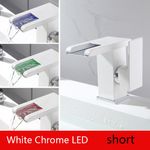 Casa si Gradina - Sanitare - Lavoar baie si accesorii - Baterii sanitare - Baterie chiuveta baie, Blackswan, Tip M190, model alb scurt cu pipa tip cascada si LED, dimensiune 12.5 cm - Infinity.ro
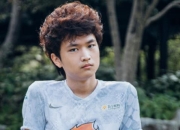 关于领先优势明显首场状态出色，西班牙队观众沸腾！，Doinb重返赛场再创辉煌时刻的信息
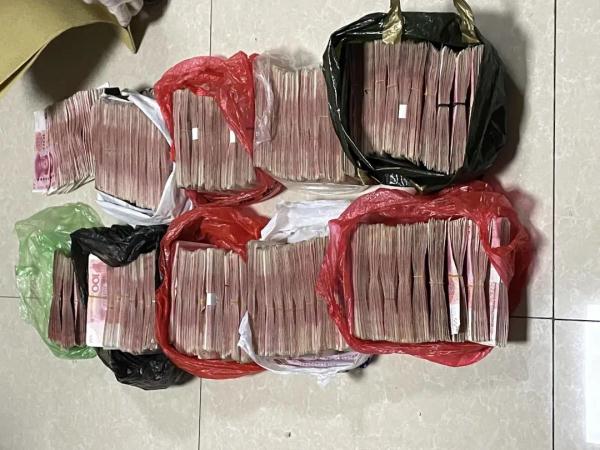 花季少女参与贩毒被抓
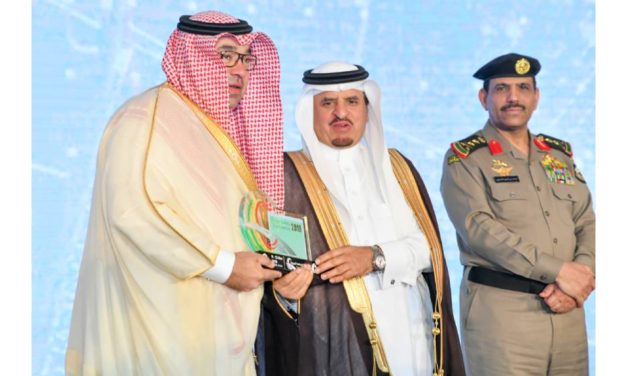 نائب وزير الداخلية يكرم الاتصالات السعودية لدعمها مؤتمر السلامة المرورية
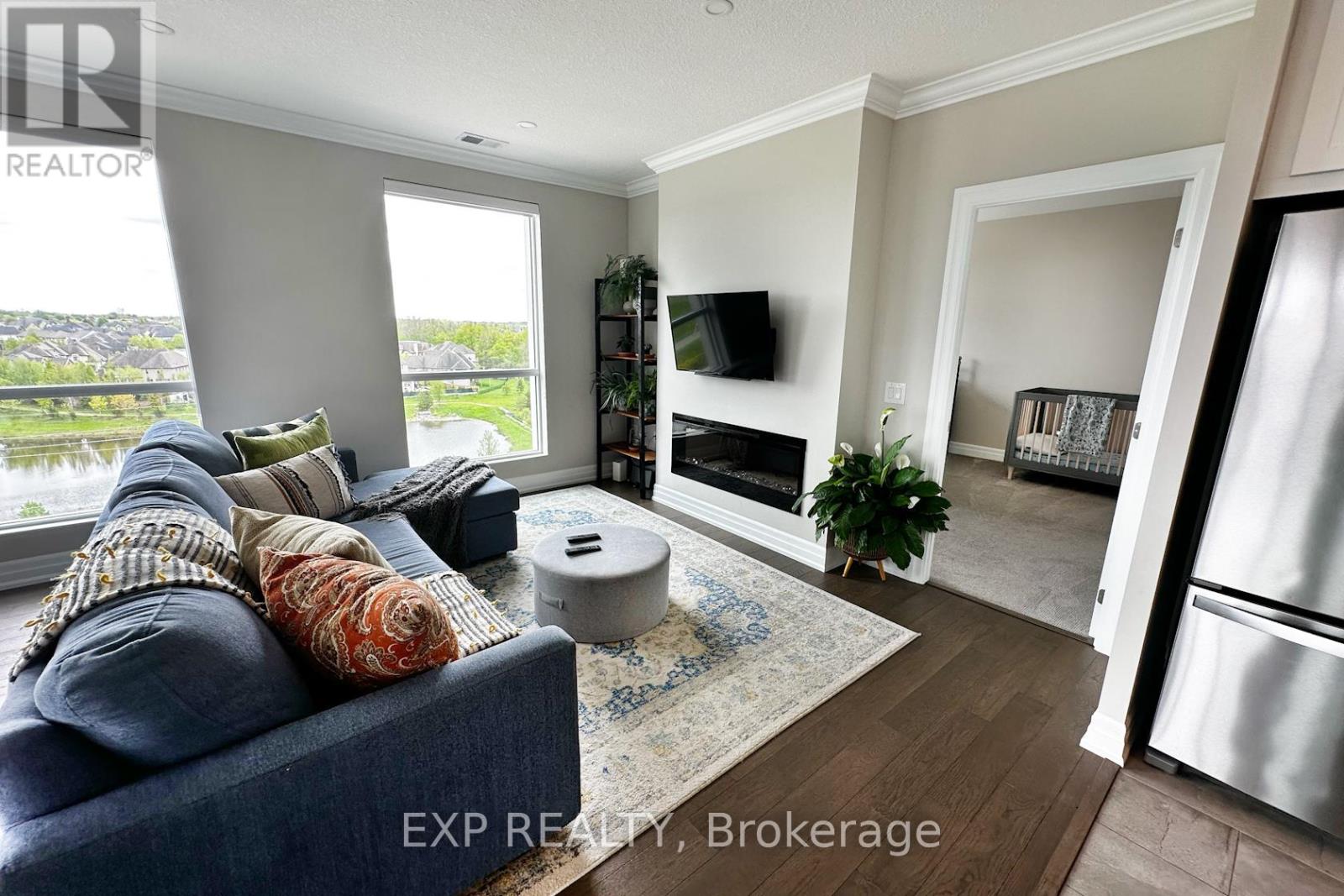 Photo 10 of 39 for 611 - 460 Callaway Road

▶ [Exercise prompt] With the line containing "نائب وزير الداخلية" as the first line and the last line of the listing as the final one, reproduce that span exactly, without pictures.

▶ [Solution to this task]
 نائب وزير الداخلية يكرم الاتصالات السعودية لدعمها مؤتمر السلامة المرورية
 Photo 10 of 39 for 611 - 460 Callaway Road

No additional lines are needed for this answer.